[DATA EXCERPTS]:
· · ·
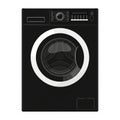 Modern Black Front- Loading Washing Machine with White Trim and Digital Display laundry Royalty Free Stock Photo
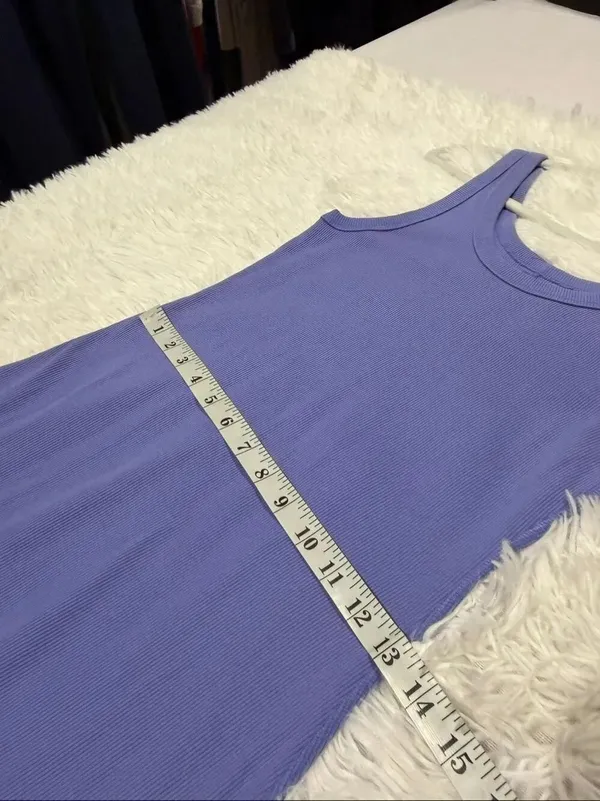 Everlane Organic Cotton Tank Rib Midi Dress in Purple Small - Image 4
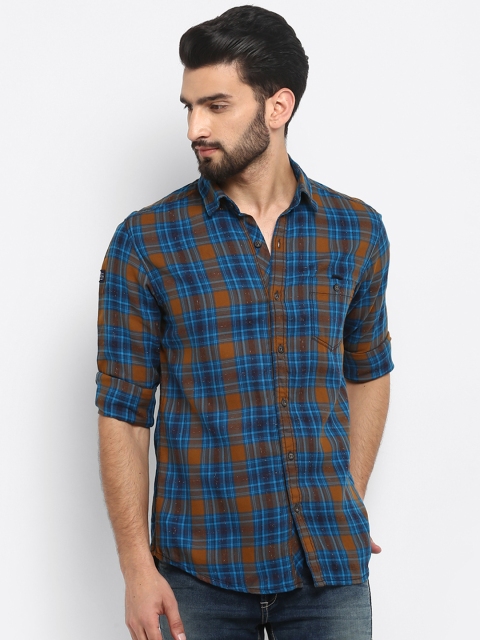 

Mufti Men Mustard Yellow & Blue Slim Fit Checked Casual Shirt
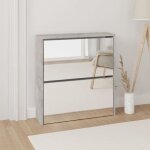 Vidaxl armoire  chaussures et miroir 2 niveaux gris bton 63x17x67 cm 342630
· · ·
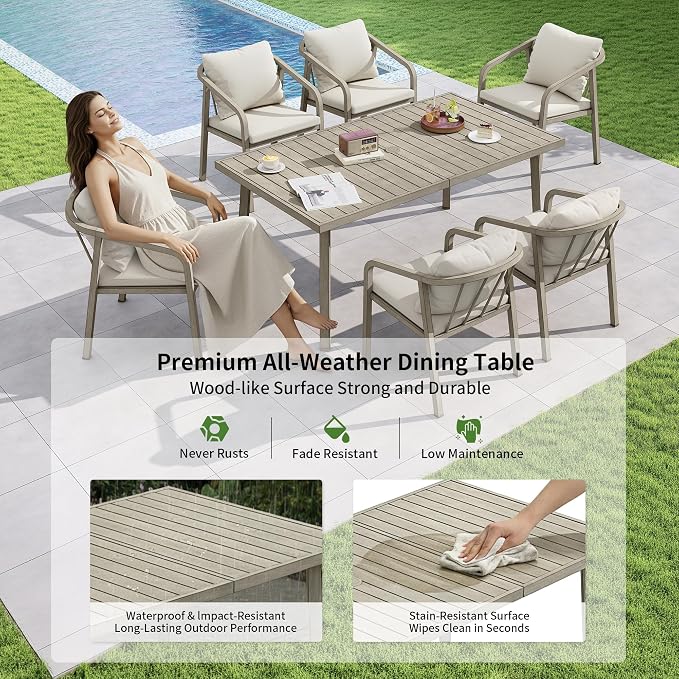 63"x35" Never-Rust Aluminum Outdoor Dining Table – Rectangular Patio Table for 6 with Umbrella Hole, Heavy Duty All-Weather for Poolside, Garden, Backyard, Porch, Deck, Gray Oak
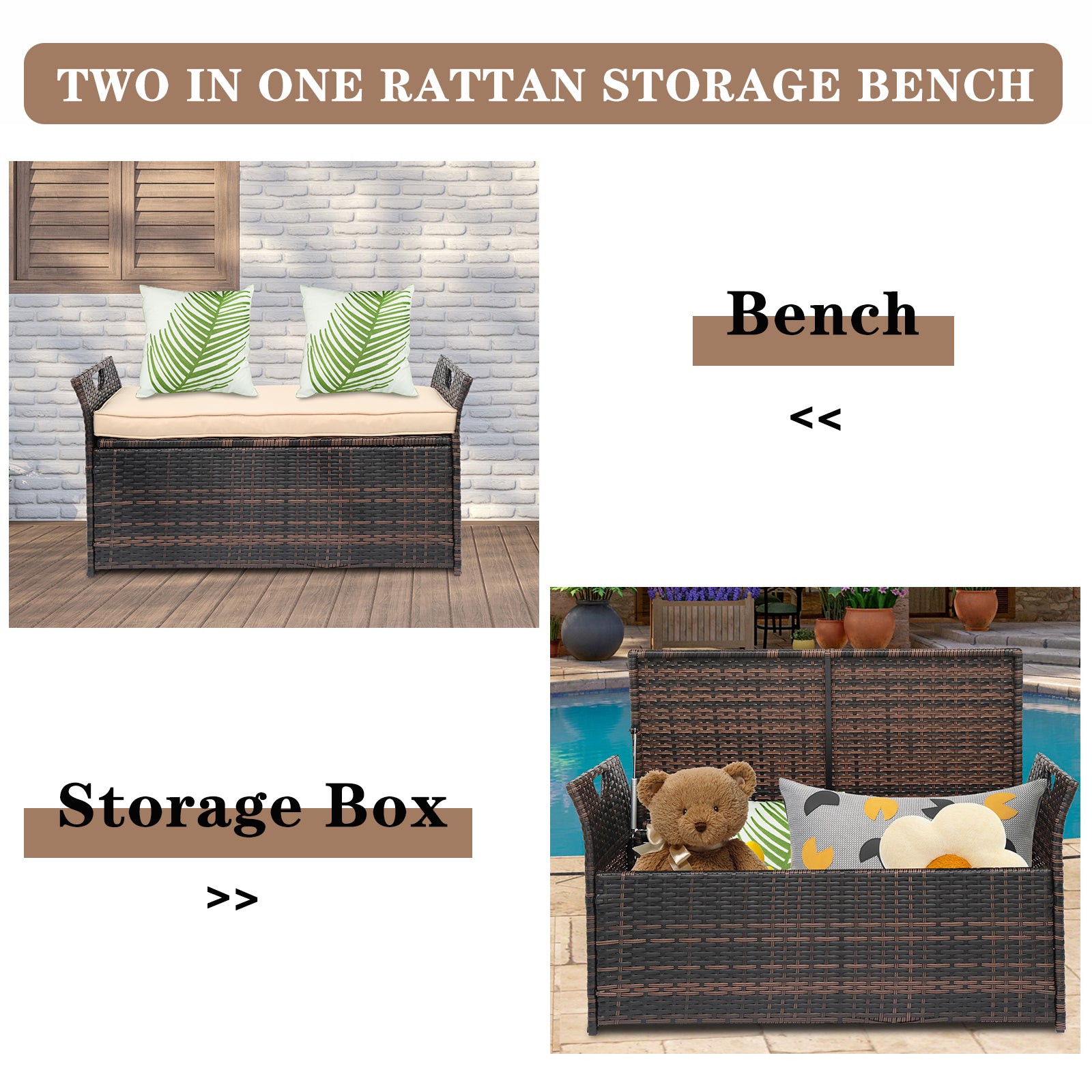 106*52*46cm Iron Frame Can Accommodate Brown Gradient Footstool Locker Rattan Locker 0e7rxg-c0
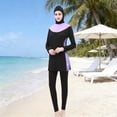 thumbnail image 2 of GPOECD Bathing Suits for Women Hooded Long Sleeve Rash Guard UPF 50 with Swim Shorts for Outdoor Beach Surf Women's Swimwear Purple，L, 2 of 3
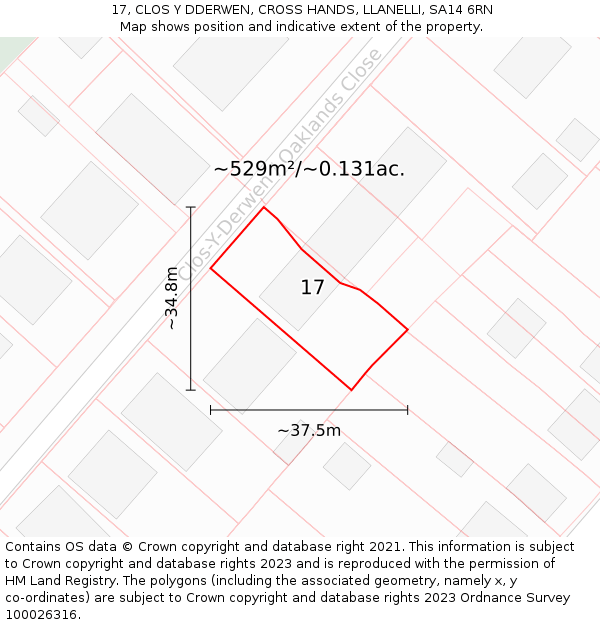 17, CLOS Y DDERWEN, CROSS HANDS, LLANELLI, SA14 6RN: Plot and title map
· · ·
[TASK]:
Each line above that falls between the line with "Modern Black Front- Loading" and the line with "Mufti Men Mustard" should be printed exactly, together with those two lines, but the pictures should not.

[PROBLEM SOLUTION]:
 Modern Black Front- Loading Washing Machine with White Trim and Digital Display laundry Royalty Free Stock Photo
 Everlane Organic Cotton Tank Rib Midi Dress in Purple Small - Image 4

Mufti Men Mustard Yellow & Blue Slim Fit Checked Casual Shirt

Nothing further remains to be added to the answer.